L’archéologue relève d’autre part que le chemin de promenade archéologique, prévu pour relier le port à la baie sablonneuse d’el-Skhyné (vers Eddé Sands), ne peut être construit puisque cette zone est exposée aux intempéries. « La construction d’un chemin (en béton) dans la baie de Chamieh en a déjà fait les frais en 2010. Il a été complètement détruit par les assauts de vagues. »

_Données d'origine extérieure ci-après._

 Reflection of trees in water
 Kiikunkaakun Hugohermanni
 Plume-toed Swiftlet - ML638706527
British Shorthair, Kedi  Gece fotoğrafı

Et ce n’est pas tout. L’écosystème et l’archéologie sous-marine ont déjà été gravement endommagés durant les premiers travaux de la jetée dans les années 70. Une extension de celle-ci ne ferait qu’accroître les dégâts et mettre à mal l’équilibre encore préservé de la zone archéologique sous-marine. Les diverses missions de prospection sous-marine menées à Byblos depuis 1998 à ce jour ont prouvé la richesse du patrimoine archéologique sous-marin. L’Unesco et la DGA se sont d’ailleurs empressées de placer le périmètre (un rayon de 300 mètres) sous protection. « Il est donc impératif de ne pas prolonger le tronçon de la jetée actuelle. Il faut absolument éviter toute construction qui endommagerait les fonds sous-marins et leurs vestiges », insiste Mme Francis-Allouche.

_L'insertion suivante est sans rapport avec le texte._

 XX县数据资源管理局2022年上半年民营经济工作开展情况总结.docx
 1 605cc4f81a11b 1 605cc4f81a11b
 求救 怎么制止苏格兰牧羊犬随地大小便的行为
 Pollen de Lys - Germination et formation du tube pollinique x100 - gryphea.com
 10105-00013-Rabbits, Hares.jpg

Seule solution viable : un récif artificiel
Toujours selon la spécialiste, la solution à envisager doit permettre de protéger le port médiéval de Byblos et la zone archéologique qui lui est contiguë. Cette solution consiste à construire un brise-lames immergé au large qui se distingue notamment par sa facilité d’installation et son faible impact sur l’environnement. Son emplacement et sa profondeur ont été pris en compte par les dernières études de prospection bathymétrique effectuées en juin 2014, au sein du projet « Byblos et la mer », précise l’archéologue. Elle propose la mise en place d’un récif artificiel, comme brise-lames immergé, à partir de carcasses de bus ou encore mieux de chars à la casse, recyclés. « Le cimetière des chars de Amchit serait une matière première parfaite, de taille et de poids convenables pour sa construction. Les exemples de ce genre sont nombreux en Floride : 900 récifs artificiels, dont le plus grand construit à partir d’un porte-avions ! La matière première étant à portée de main, le coût du projet serait économiquement amoindri. En plus, les récifs artificiels permettent de stimuler la faune et la flore et de créer un site de plongée sous-marine touristique », ajoute-t-elle.

Il est donc évident que le prolongement de la jetée moderne en marina au pied du port historique de Byblos étranglerait ce dernier, ferait disparaître cette tradition millénaire de pêcheurs, première raison d’être de cette ville portuaire. Byblos verra son identité archéologique, historique et sociologique déformée. Le site de Byblos est classé à la liste du patrimoine mondial de l’humanité depuis 1983. Il est du devoir absolu de tout Libanais de contribuer à la préservation et la sauvegarde de cet héritage millénaire pour les générations futures.